Eliezer Jones, the new head of school at Akiba-Schechter Jewish Day School in Chicago, believes that education needs to evolve to accommodate those changes. “In general,” he said, “educators need to teach skills to children so they will be more flexible when they leave school. They’re living in a global world. Kids are connected everywhere. They need the skills to navigate that.”
He began doing some research and discovered the book “R&D Your School: How to Start, Grow, and Sustain Your School’s Innovation Engine”.
It was based on methods that co-author Shabbi Luthra had developed at the American School of Bombay. Jones contacted Luthra and asked for her advice. Then, with the help of a grant from the Jewish Education Innovation Challenge, he brought her to Chicago to train a group of teachers at Akiba-Schechter.
Participation in Akiba-Schechter’s R&D team is entirely voluntary. Twelve faculty and staff members attended the weeklong training session earlier this month. They learned the rudiments of “design thinking” to construct solutions to problems, as well as how to create prototypes and how to adjust them if they failed. They also discussed the bigger changes they wanted to see in the school, and set up a structure to evaluate proposals for changes, in order to strike a balance between introducing programs too quickly before they’re properly thought through and spending so much time philosophizing that nothing ever happens.
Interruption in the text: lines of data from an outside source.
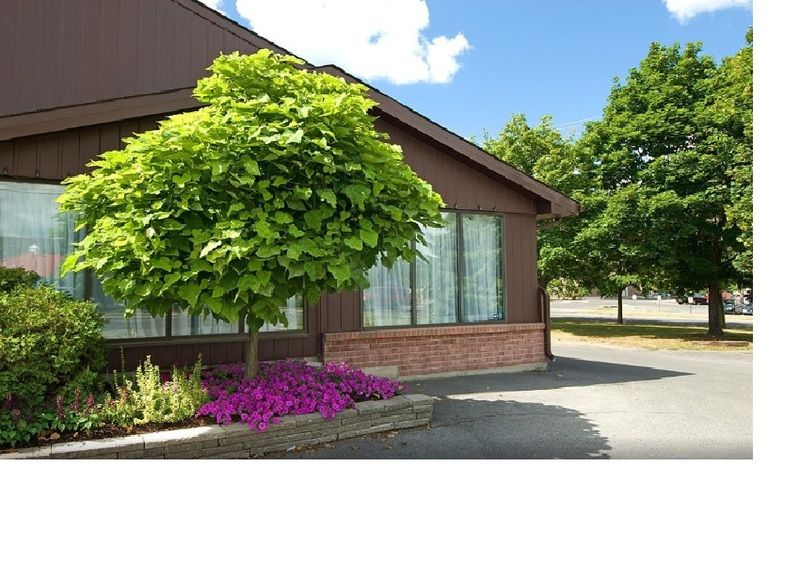 Ramada By Wyndham Kingston Motel Екстериор снимка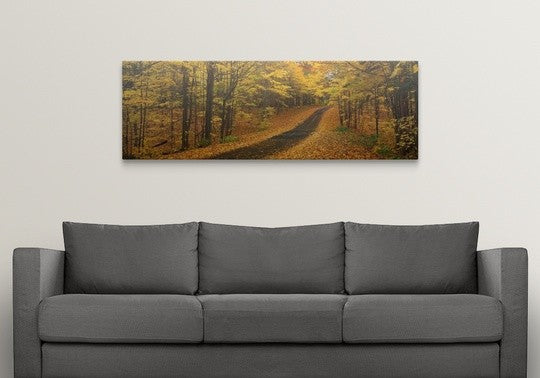 "Fall Road Emery Park NY" Canvas Art, 60"x20"x1.25"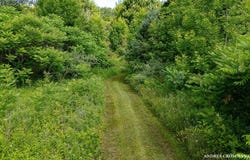 9325 S CEDAR DRIVE, ALLENDALE, MI 49401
“The R&D department will provide a place for people already doing innovative things to be more thorough in their approach,” said Miriam Kass, Akiba-Schechter’s principal. “We can incorporate those things into the school or not. Not all innovations end up being the right fit. We need to acknowledge things that don’t work are as important as building up things that do. The design thinking process will allow us to be really methodical and careful within a very creative place.”
At the moment, Akiba-Schechter is one of the only schools in the country, and the only Jewish day school, to employ the R&D model. But Jones wants it to become a template for other schools, and wants his teachers to become known as experts in design thinking and innovation.